Custom QAT using ao.nn.qat modules, is this a valid approach?

Hello,

Since the model I’m using has a GRU, which is not QAT ready in torch yet, and since I need to do PQT later in TfLite, I’ve decided to try to do QAT using ao.nn.qat modules while modifying them to add activation FakeQuant without going through traditional (buggy?) route.

An extract of how I’ve implemented the module:

class GRU_qat(nn.GRU):
    def __init__(
        self,
        input_size: int,
        hidden_size: int,
        num_layers: int = 1,
        bias: bool = True,
        batch_first: bool = False,
        dropout: float = 0.0,
        bidirectional: bool = False,
        qconfig=None,
        device=None,
        dtype=None,
    ) -> None:
        factory_kwargs = {"device": device, "dtype": dtype}
        super().__init__(input_size, hidden_size, num_layers, bias, batch_first, dropout, bidirectional, **factory_kwargs)
        assert qconfig, "qconfig must be provided for QAT module"
        self.qconfig = qconfig
        self.activation_fake_quant = qconfig.activation(factory_kwargs=factory_kwargs)
        self.weight_fake_quant_1 = qconfig.weight(factory_kwargs=factory_kwargs)
        self.weight_fake_quant_2 = qconfig.weight(factory_kwargs=factory_kwargs)
    
    def forward(self, input, hx=None):
...
            result = _VF.gru(self.activation_fake_quant(input), batch_sizes, hx, [self.weight_fake_quant_1(self._flat_weights[0]), self.weight_fake_quant_2(self._flat_weights[1]),
                                          self._flat_weights[2], self._flat_weights[3]], self.bias,
                             self.num_layers, self.dropout, self.training, self.bidirectional)
...

The process I followed was simple: Load the pretrained weights to the original model with its QAT equivalent modules then train normally at a low learning rate for a few epochs on the training dataset.

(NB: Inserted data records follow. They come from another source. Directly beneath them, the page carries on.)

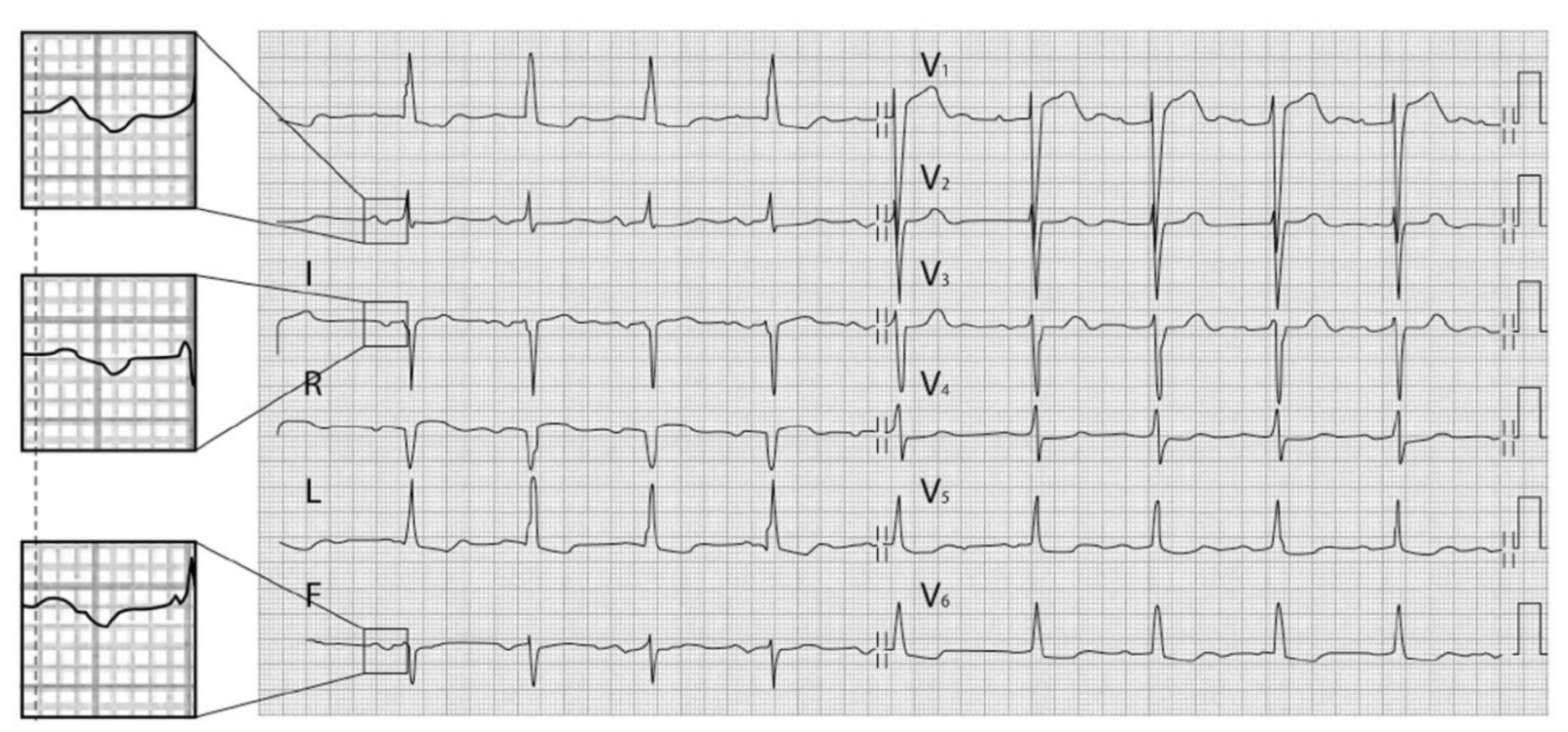 Hearts 02 00033 g004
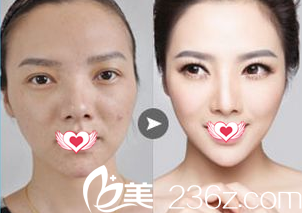 柳龍春醫(yī)生做假體隆下巴案例 柳龍春醫(yī)生做假體隆下巴案例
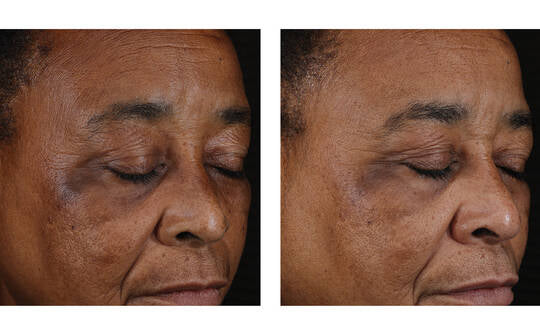 SkinBetter MYSTRO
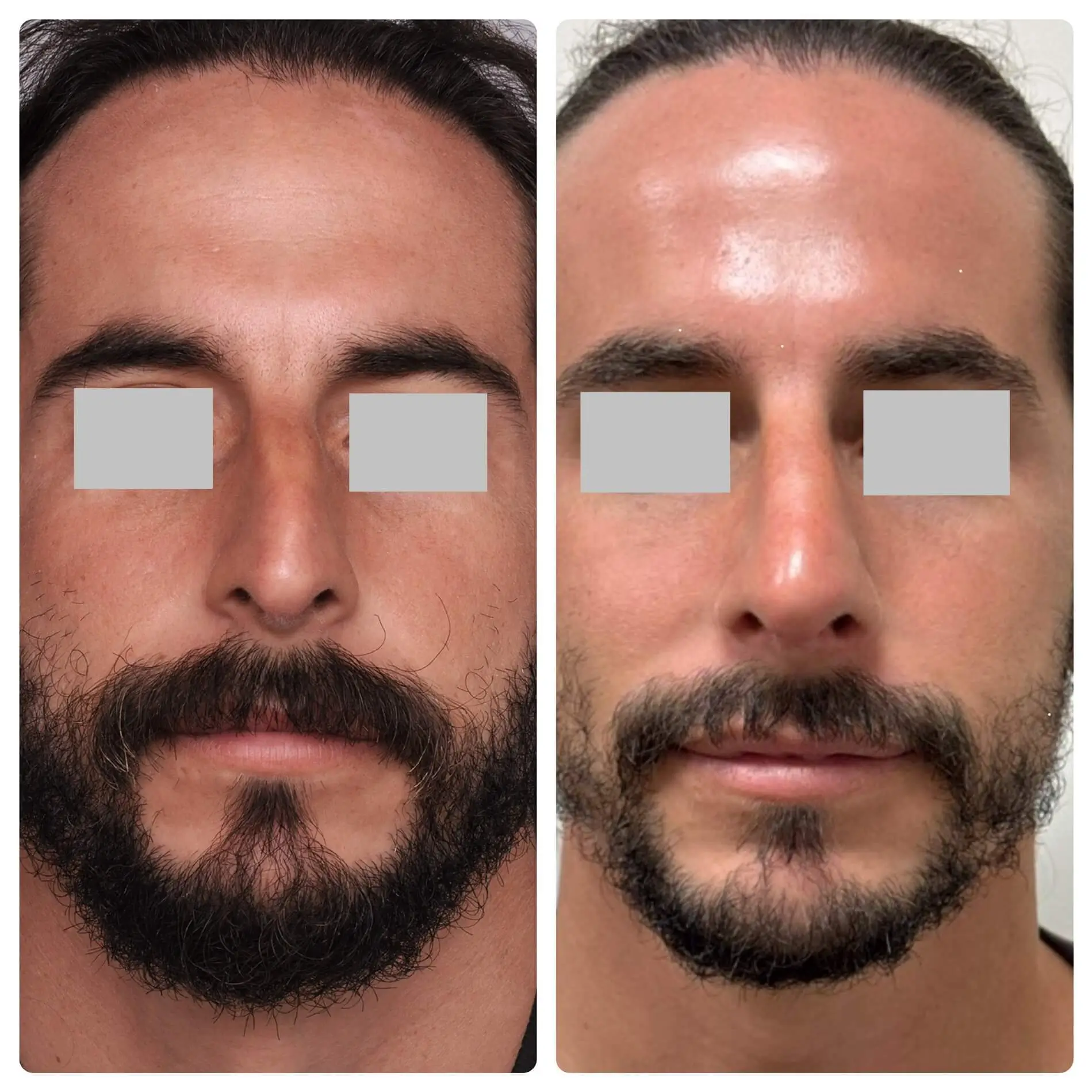 Gallery - Dr Susan Tan | Hawaii Facial Plastic Surgery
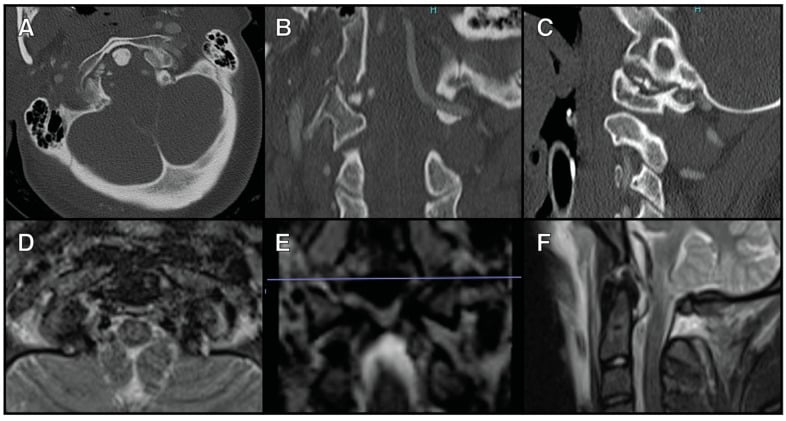 Multiplanar CTA and STIR MRI showing a type III occipital condyle avulsion fracture with alar and posterior ligament disruption.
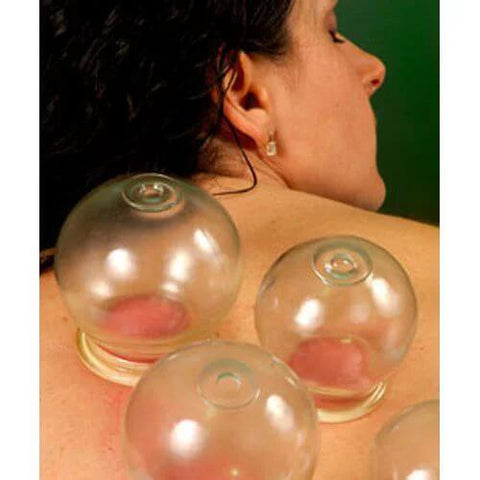 Woman receiving therapy with Pro Grade Glass Fire Cupping Jars Set With Four Sizes, Extra Thick Medical Grade Glass With Finger Grips.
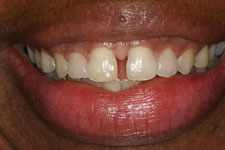 invisalign before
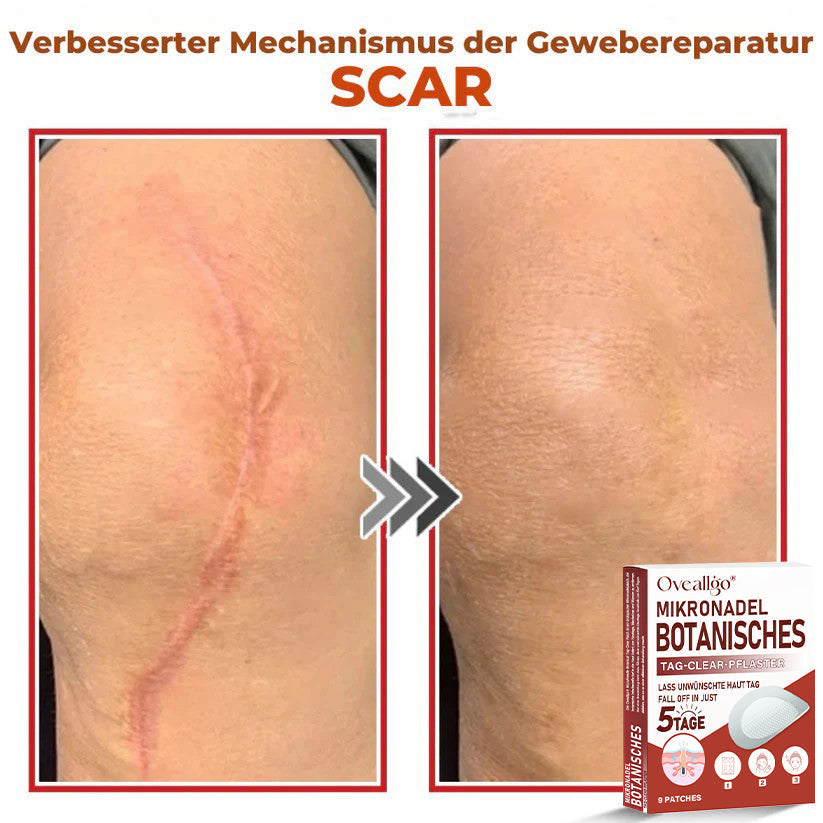 Oveallgo® MikroNadel Botanisches Tag-Clear-Pflaster Pro 🇩🇪 Hergestellt in der Germany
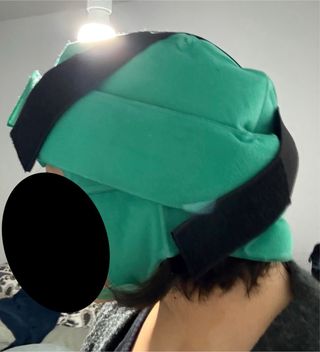 Casco crioterapia quimioterapia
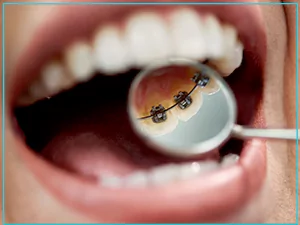 انواع ارتودنسی ثابت دندان چیست؟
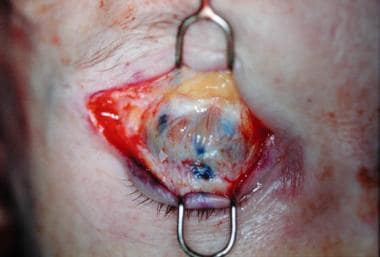Blepharoplasty, upper lid ptosis surgery. Intraope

I’ve tested both weight only (without activation fake quant) and full QAT. I didn’t see much of an improvement but I already have strong quantized performance.

Now my question is: is my method valid? Backpropagation didn’t give me an error so I assumed torch handled the fake quantization well, but did it really? I’m aware that I ignored the case of layer fusion, batch norm and math ops. Are their impact great? I assumed the weight fake quant will be the most important.

Thank you!